Does that lead to smaller errors?

In [None]:
# Read in data again and redefine variables and functions we used last time
families = Table.read_table('family_heights.csv')
parent_avgs = (families.column('father') + families.column('mother'))/2
def difference(x, y):
    return x - y
heights = Table().with_columns(
    'Parent Average', parent_avgs,
    'Child', families.column('child'),
    'Sex', families.column('sex')
)
heights

In [None]:
def predict_smarter(h, s):
    nearby = heights...
    nearby_same_sex = nearby...
    return np.average(nearby_same_sex.column('Child'))

In [None]:
predict_smarter(68, 'female')

In [None]:
predict_smarter(68, 'male')

In [None]:
smarter_predicted_heights = heights.apply(predict_smarter, 'Parent Average', 'Sex')
heights = heights.with_column('Smarter Prediction', smarter_predicted_heights)
heights

In [None]:
smarter_pred_errs = heights.apply(difference, 'Child', 'Smarter Prediction')
heights = heights.with_column('Smarter Errors', smarter_pred_errs)
heights

In [None]:
heights.hist('Smarter Errors', group='Sex')

## Lists

In [None]:
[1, 5, 'hello', 5.0, make_array(1,2,3)]

### Rows from lists

In [None]:
drinks = Table(['Drink', 'Cafe', 'Price'])
drinks

In [None]:
drinks = drinks.with_rows([
    ['Milk Tea', 'Asha', 5.5],
    ['Espresso', 'Strada',  1.75],
    ['Latte',    'Strada',  3.25],
    ['Espresso', "FSM",   2]
])
drinks

## Grouping by One Column ##

In [None]:
cones = Table.read_table('cones.csv').drop('Color')
cones

In [None]:
cones.group('Flavor')

In [None]:
cones.group('Flavor', np.average)

In [None]:
cones.group('Flavor', min)

## Grouping By One Column: Welcome Survey ##

In [None]:
survey = Table.read_table('welcome_survey_fa23.csv')
survey.show(3)
def remove_plus(string):
    return string.strip(' or more')
survey = survey.with_columns('Number of textees',survey.apply(remove_plus,'Number of textees').astype(int))
survey = survey.where('Handedness',are.not_equal_to('nan'))

In [None]:
survey.hist('Extroversion',bins = np.arange(0,11,1))

In [None]:
survey.group('Extroversion')

In [None]:
by_extra = survey.group('Extroversion', np.average)
by_extra

In [None]:
by_extra.plot('Extroversion', 'Number of textees average')

In [None]:
survey.group("Sleep position",np.average)

In [None]:
survey.select("Sleep position", "Hours of sleep").group(0, np.average)

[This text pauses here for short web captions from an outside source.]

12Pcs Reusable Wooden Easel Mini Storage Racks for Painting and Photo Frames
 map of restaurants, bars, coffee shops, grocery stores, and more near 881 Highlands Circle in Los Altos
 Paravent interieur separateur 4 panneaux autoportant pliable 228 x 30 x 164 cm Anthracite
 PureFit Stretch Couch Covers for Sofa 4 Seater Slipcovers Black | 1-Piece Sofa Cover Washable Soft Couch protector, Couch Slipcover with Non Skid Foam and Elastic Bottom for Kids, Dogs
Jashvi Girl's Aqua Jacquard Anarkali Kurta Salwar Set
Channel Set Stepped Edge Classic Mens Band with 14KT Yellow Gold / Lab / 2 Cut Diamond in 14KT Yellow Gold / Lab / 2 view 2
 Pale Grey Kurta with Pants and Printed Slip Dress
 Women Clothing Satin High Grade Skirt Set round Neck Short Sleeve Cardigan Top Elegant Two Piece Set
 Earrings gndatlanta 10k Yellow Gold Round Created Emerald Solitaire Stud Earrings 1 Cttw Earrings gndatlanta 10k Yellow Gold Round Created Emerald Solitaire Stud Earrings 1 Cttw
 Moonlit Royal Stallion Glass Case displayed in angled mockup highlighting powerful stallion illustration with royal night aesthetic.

## Grouping by Two Columns ##

![Do right-handed people tend to sleep on their left side and left-handed people sleep on their right?](handed.png)

In [None]:
survey.group(['Handedness', 'Sleep position'])

In [None]:
survey.group(['Handedness', 'Sleep position'],
             np.average)

## Pivot Tables

In [None]:
survey.group('Handedness')

In [None]:
survey.pivot('Sleep position', 'Handedness')

In [None]:
survey.pivot('Sleep position', 
             'Handedness', 
             values='Hours of sleep', 
             collect=np.average)

In [None]:
# This cell will throw an error
# You cannot include just 1 of the optional arguments
survey.pivot('Sleep position', 
             'Handedness', 
             collect=np.average)

## Activity ##

In [None]:
# From the CORGIS Dataset Project
# By Austin Cory Bart acbart@vt.edu
# Version 2.0.0, created 3/22/2016
# https://corgis-edu.github.io/corgis/csv/skyscrapers/

sky = Table.read_table('skyscrapers.csv')
sky = (sky.with_column('age', 2022 - sky.column('completed'))
          .drop('completed'))
sky.show(3)

1. For each city, what’s the tallest building for each material?

In [None]:
# 1. For each city, what’s the tallest building for each material?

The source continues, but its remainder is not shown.